Short descriptive text snippets:
★ ★ ★ ★ ★

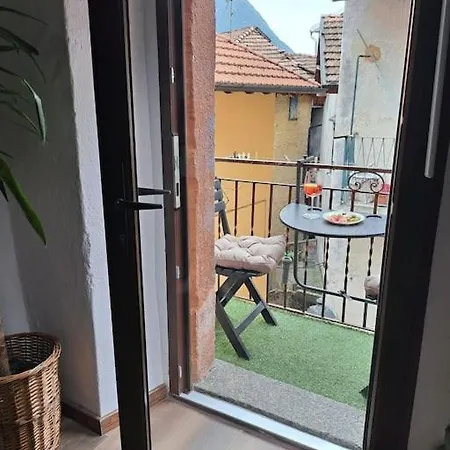 Hébergement de vacances Casa Dei Pescatori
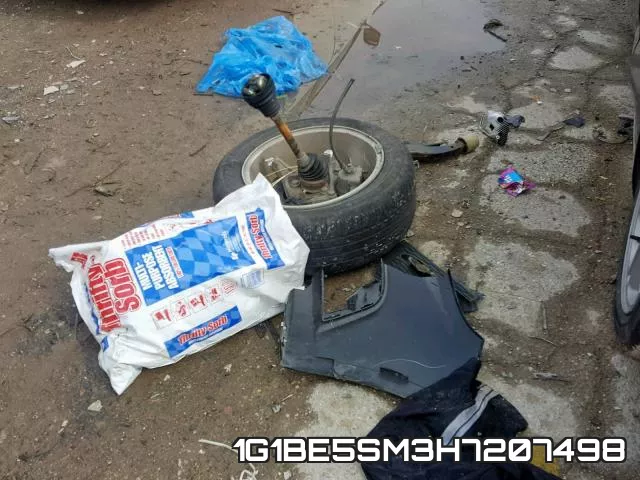 1G1BE5SM3H7207498 фото 7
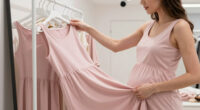 The $8 Maternity Dress the Internet Can't Stop Talking About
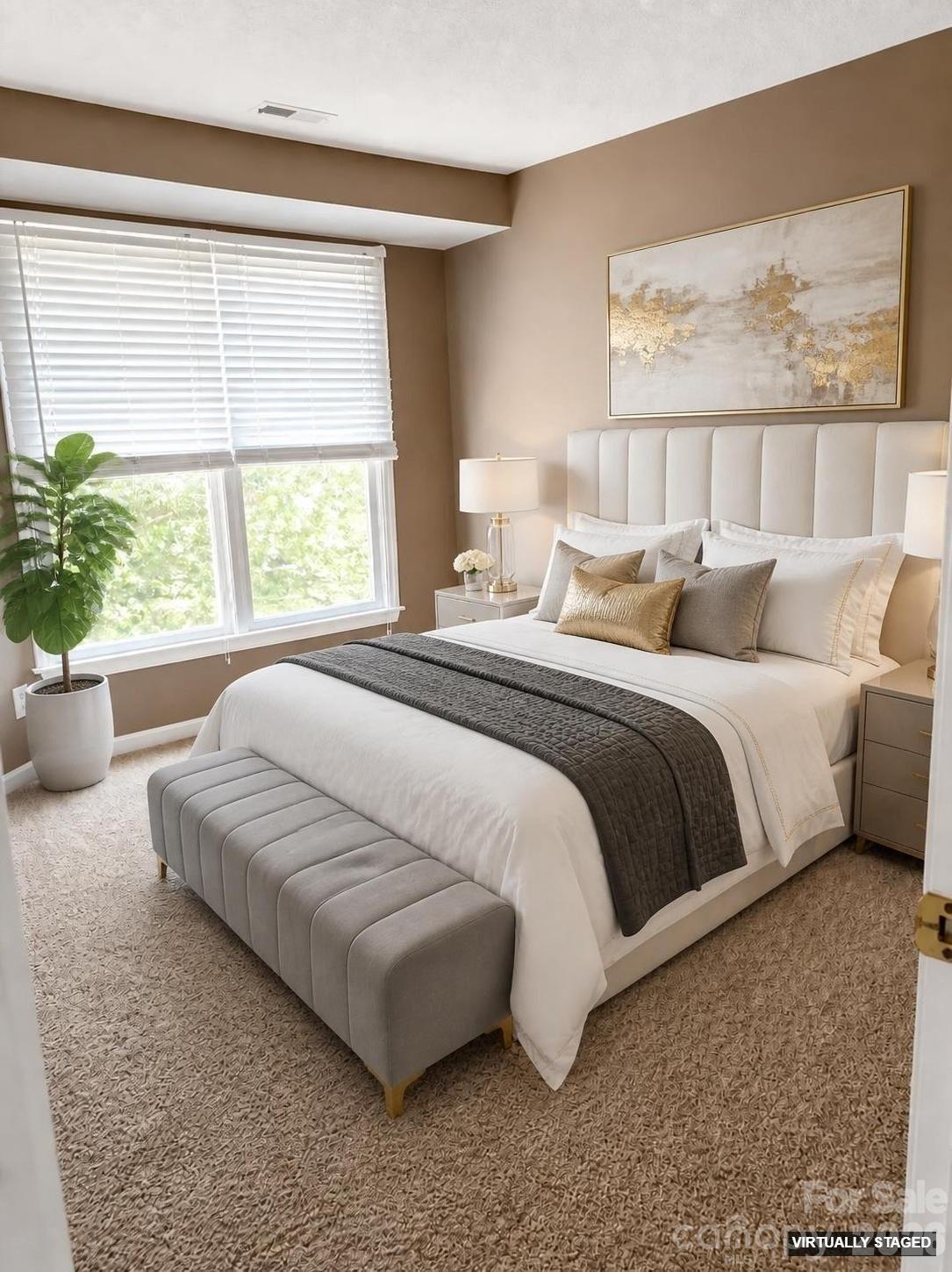 Rose Meadow - Residential
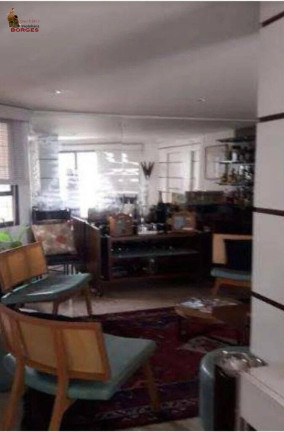 Imagem Cobertura com 4 Quartos à Venda, 318 m² em Campo Belo - São Paulo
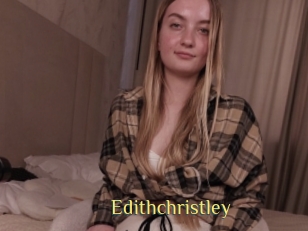 Edithchristley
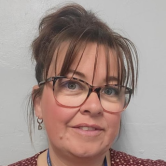  Stacey Mclaughlan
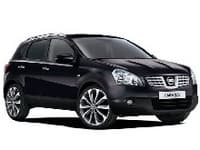 NISSAN QASHQAI 5 Doors or similar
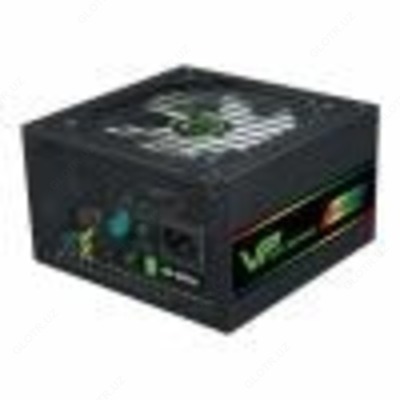Блок питания GameMax VP-500-RGB-M - 495 000 сум / шт.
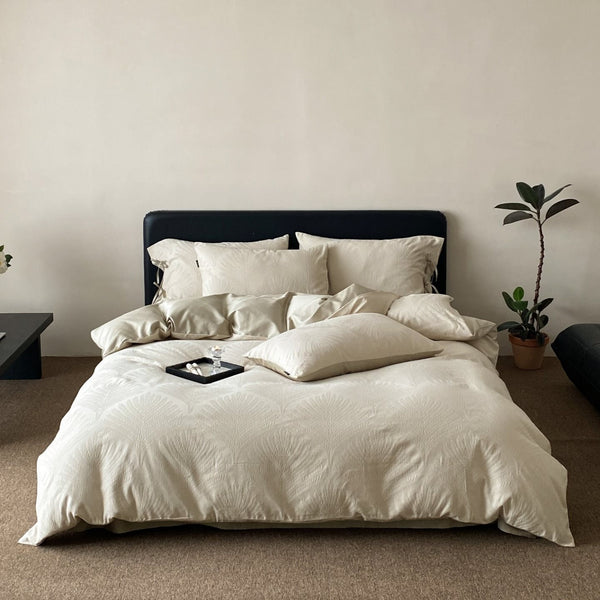 Whisper Plume Bedding Set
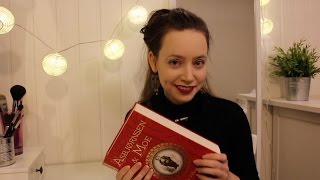 ASMR Whisper Reading Fairy Tale Norwegian [upl. by Rehpotirhc566]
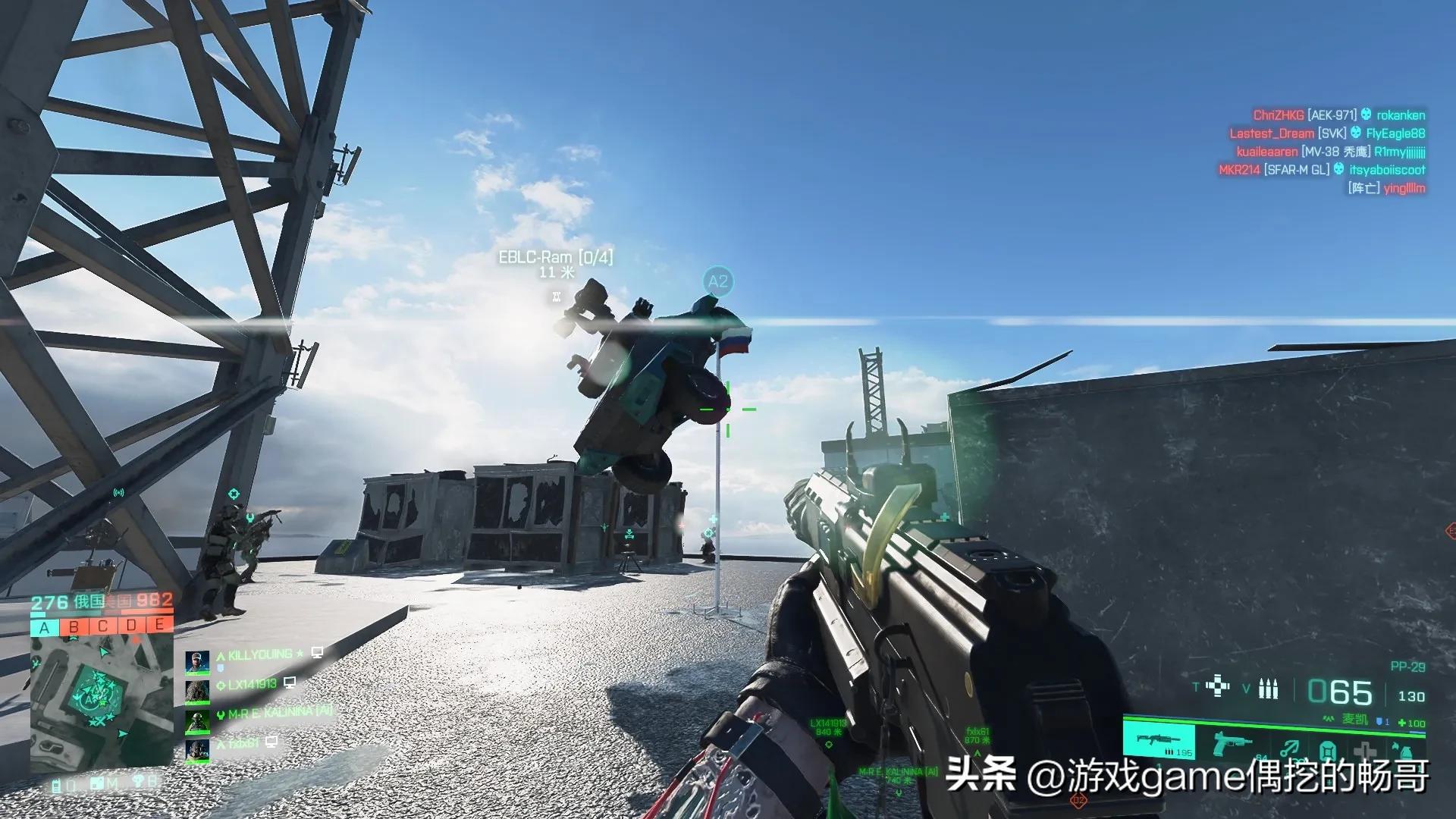 Steam秋促一折游戲精選,暢哥帶你撿漏史低!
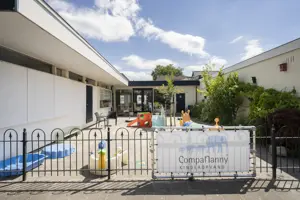 Werken Bij Compananny Kinderopvang Baarn Signing Locaties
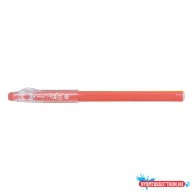 Zseléstoll PILOT Frixion ball stick kupakos radírozható 0,7 mm koral pink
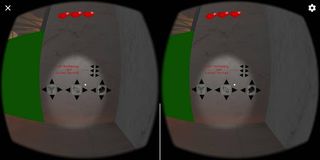 Escape Room - Screenshot 3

★ ★ ★ ★ ★

TASK:
Beginning with the line that contains "Imagem Cobertura com" and ending with the last line of the data, transcribe each line exactly; pictures stay out.

RESULT OF THIS TASK:
 Imagem Cobertura com 4 Quartos à Venda, 318 m² em Campo Belo - São Paulo
 Edithchristley
  Stacey Mclaughlan
 NISSAN QASHQAI 5 Doors or similar
Блок питания GameMax VP-500-RGB-M - 495 000 сум / шт.
 Whisper Plume Bedding Set
 ASMR Whisper Reading Fairy Tale Norwegian [upl. by Rehpotirhc566]
 Steam秋促一折游戲精選,暢哥帶你撿漏史低!
 Werken Bij Compananny Kinderopvang Baarn Signing Locaties
 Zseléstoll PILOT Frixion ball stick kupakos radírozható 0,7 mm koral pink
 Escape Room - Screenshot 3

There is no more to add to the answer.